Did you know that Google would allow you to view readability-filtered search results? I was tipped off to this hidden feature by Alicia Taylor, a district media coordinator, who sent me the Huffington Post article on the feature. To use this feature, simply conduct a Google search, then on the left side of your results, click “More SearchTools” and select “Reading level.” The results of your searches can then be filtered by basic, intermediate, or advanced. So, I compiled a small sampling of results (% of results at each level), mostly games and a few other topics and put them in a table. Interesting results:
My knee-jerk reaction was to look at the WoW and Minecraft percentages and say “Woah, that’s really low.
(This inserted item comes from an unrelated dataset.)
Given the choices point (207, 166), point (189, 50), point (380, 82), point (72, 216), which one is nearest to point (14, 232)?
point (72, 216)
Could games be affecting how they write?”
Then another possibility sprang to mind:
Games like WoW and Minecraft have powerful online communities, where a lot of writing is encouraged. It’s likely that playing these games has encouraged basic writers to start writing.
That or I’m misinterpreting this information, and what it means is if you’re looking for online content for your students to read as they develop good Language Arts skills, you’re better off finding them some decent WoW blogs.
After all, it’s not brain surgery.
That was my reaction, too. This is just data, so I’m not sure that interpreting it this way is meaningful at all, especially not understanding exactly how Google calculates the information. Another factor I considered is likely volume of results. I imagine that WoW and Minecraft have way more fan sites and such out there than other games. This is bound to put a downward pressure on the overall ratings. Would be interesting to know the average of all sites within a particular domain for comparative purposes.